Le Centre d’analyse et de recherches en droits humains (CARDH) a mis fin, ce mardi 2 septembre 2025, aux huit séances de conférences de la première série de la table sectorielle sur la sécurité, qui avait débuté le 17 décembre 2024 et pris fin le 28 août 2025. Dans le document final, le CARDH formule un ensemble de recommandations à l’intention des membres du Conseil présidentiel de transition, du gouvernement et des forces sécuritaires du pays.
Cette cérémonie s’est tenue avec la participation du représentant de la société civile au Conseil présidentiel de transition, Dr Frinel Joseph, du représentant du Haut-Commissariat des Nations unies pour les droits de l’homme (HCDH), ainsi que de plus d’une vingtaine d’organisations de défense des droits humains.
Le directeur exécutif du Centre d’analyse et de recherches en droits humains (CARDH) n’a pas caché sa satisfaction et en a profité pour remercier publiquement les forces de l’ordre pour leur apport technique et pratique dans l’élaboration de ce document. Comme dans toutes les sessions, l’événement a aussi rassemblé plusieurs représentants de la société civile et du secteur judiciaire.
Dans son intervention, Me Gédéon Jean a souligné l’importance et l’urgence de renforcer les capacités des forces de sécurité haïtiennes et de la Mission multinationale, conditions sine qua non pour restaurer un climat de paix et organiser des élections dans le pays.

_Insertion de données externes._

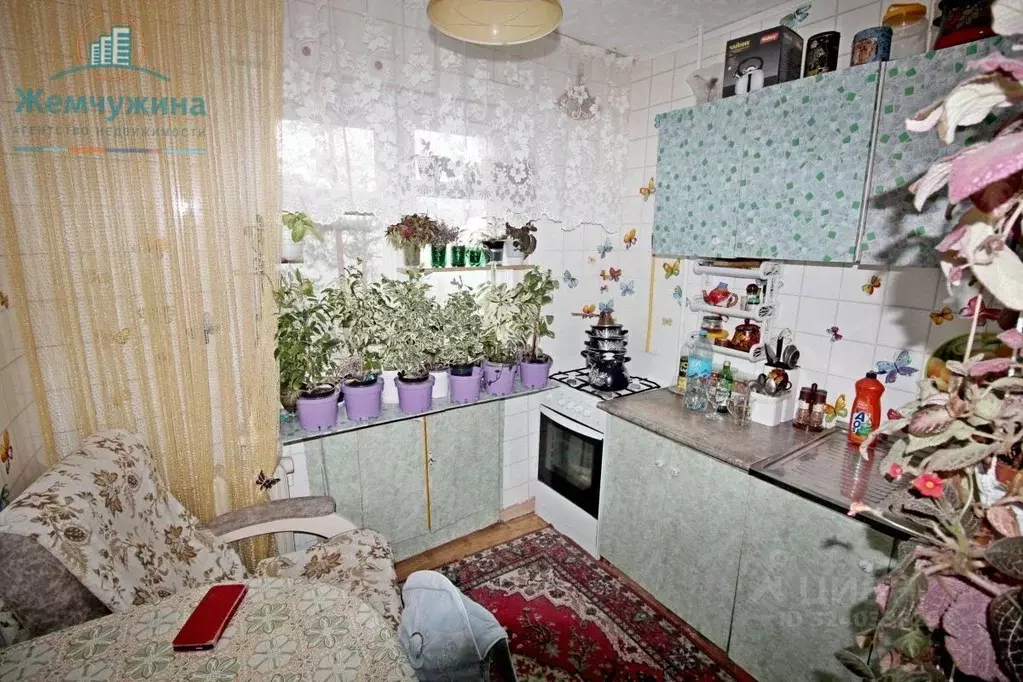 1-к кв. Ульяновская область, Димитровград ул. Курчатова, 26А (30.1 м) - Фото 2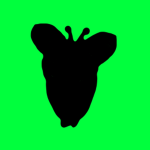 Gnarp Gnaption
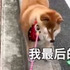拉著一隻不回家的柴柴,最後笑翻啦!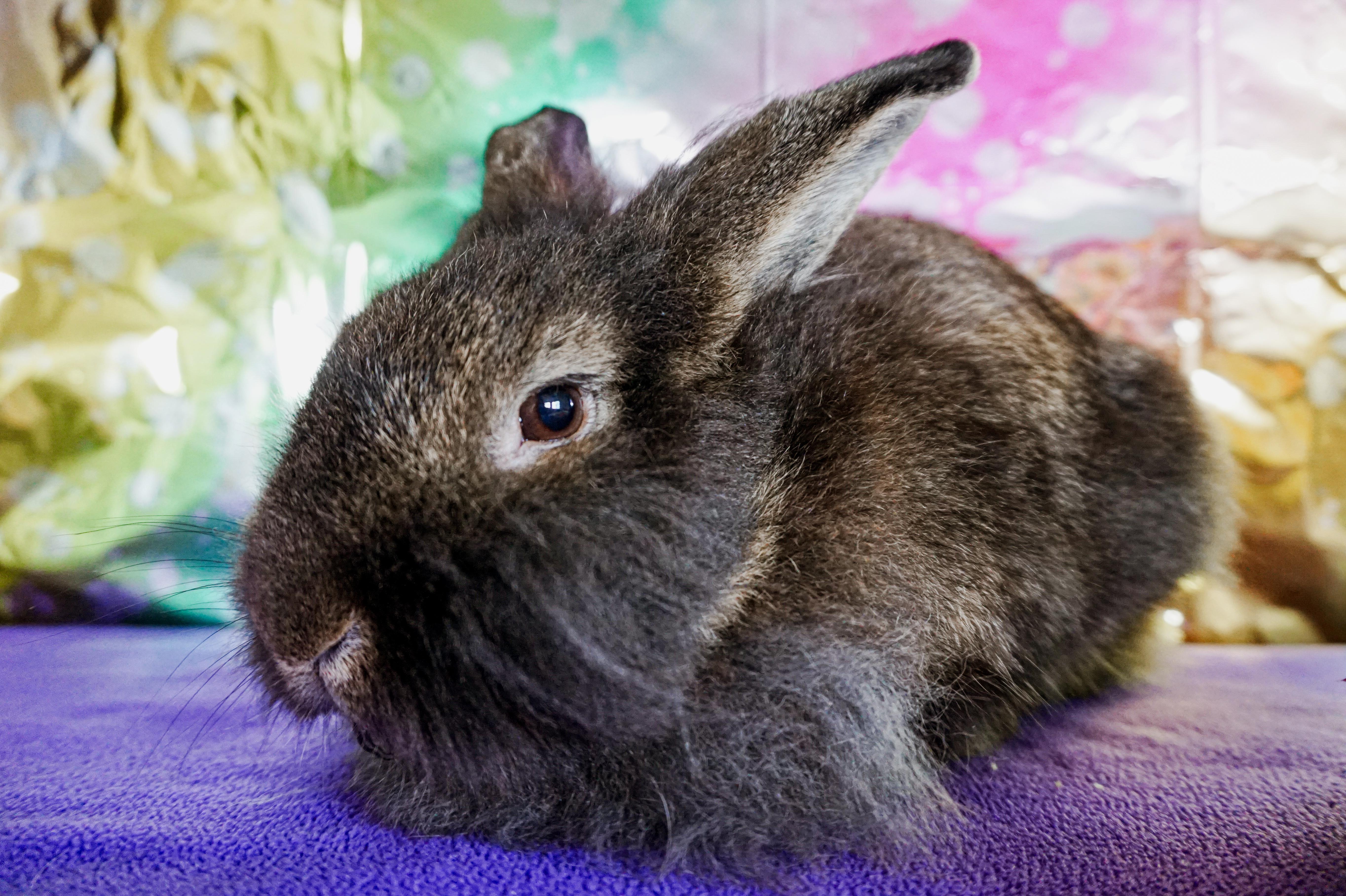 Enlarge Sir Hops-a-Lot, a ADOPTABLE Lionhead in Long Beach, CA image 2/3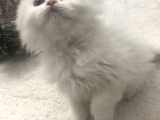Longhair Mini
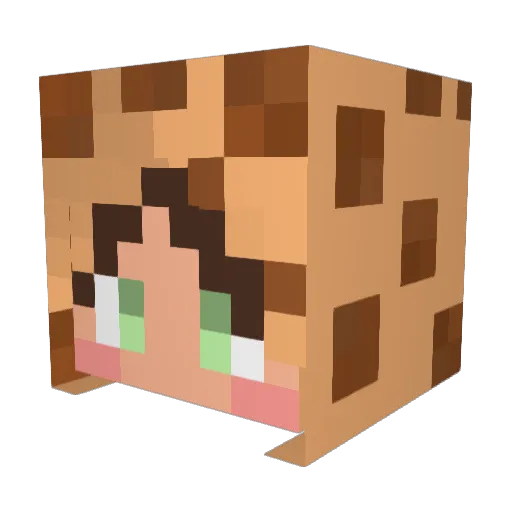 Zicookiiee Minecraft avatar head, 3D render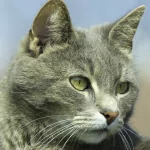 Animal cat PFP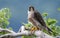 Peregrine Falcon on a Branch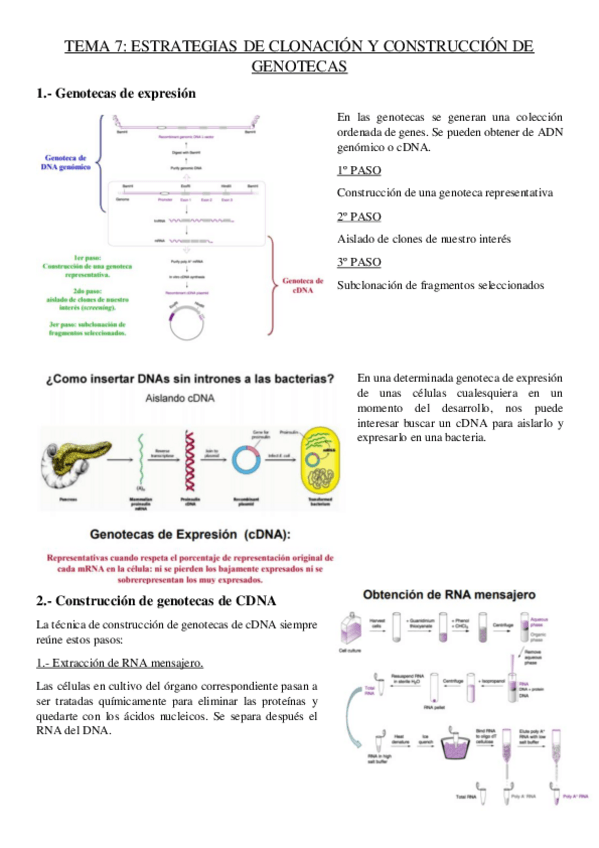 Miniatura del documento tema-7-genetica.pdf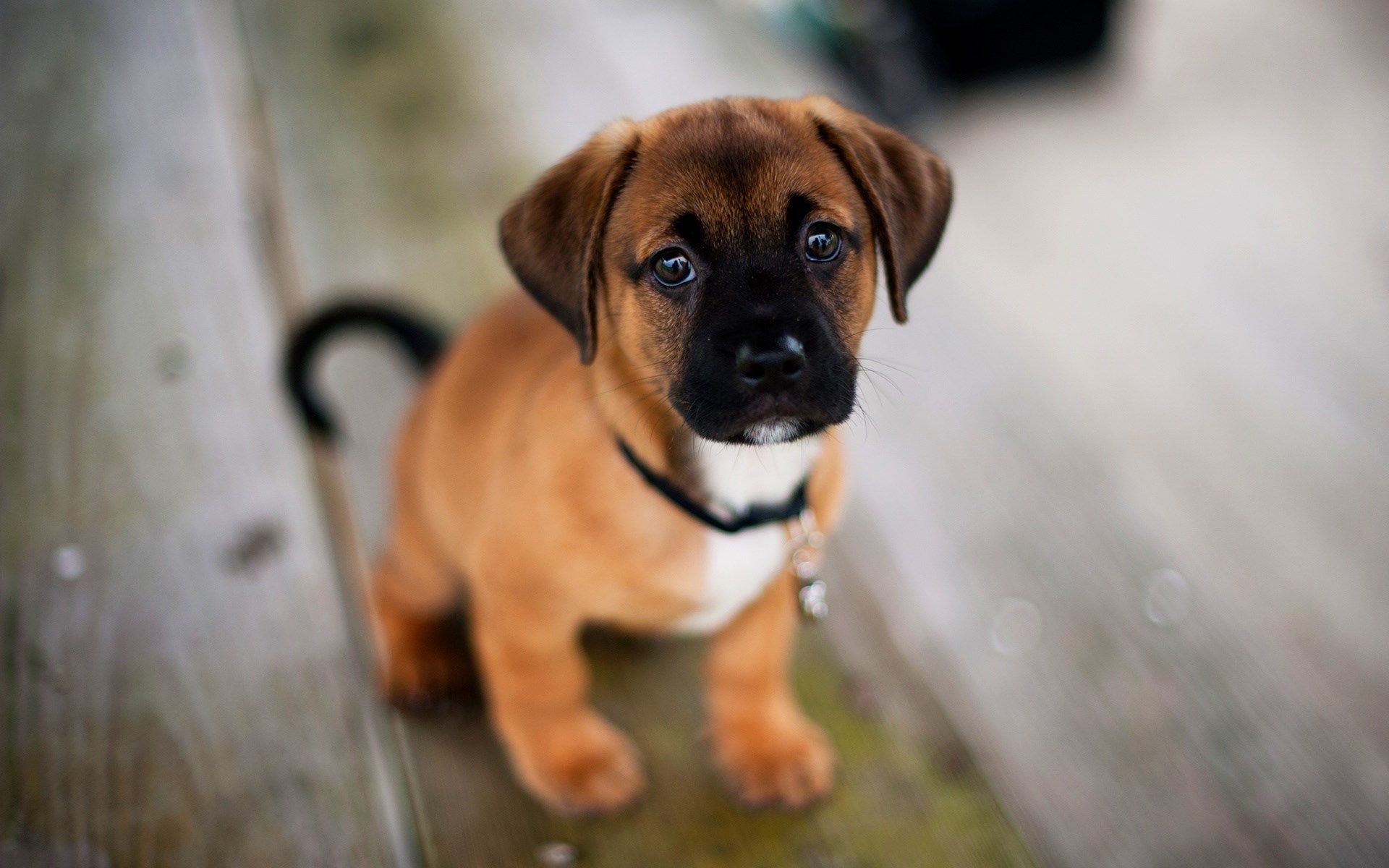 40 Wallpapers And Pictures Of Dogs > - Cute Dogs Images Hd , HD Wallpaper & Backgrounds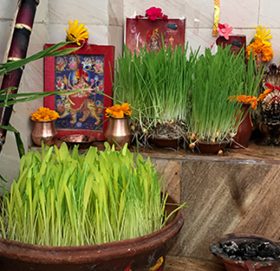 आज आश्विन शुक्ल सप्तमी : फूलपाती भित्र्याइँदै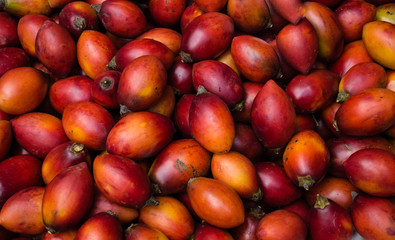 Baumtomate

En effet, les recommandations insérées dans ce document traitent de plusieurs actions à mener pour y parvenir, dont le décret de l’état d’urgence en donnant aux forces de l’ordre toute la latitude nécessaire dans leurs interventions, ainsi que l’élaboration d’un plan clair fournissant aux militaires et aux policiers les moyens de mener des opérations robustes. Ce document de restitution de la table sectorielle sur la sécurité est donc proposé et remis à l’opinion publique et aux autorités.
Enfin, M. Sancho Coutinho, du BINUH, a salué le travail effectué par le CARDH, qui selon lui doit permettre aux concernés de s’aligner d’un commun accord afin de trouver, dans les meilleurs délais, une solution définitive et de mettre fin une fois pour toutes à ce problème de gangstérisation dans le pays.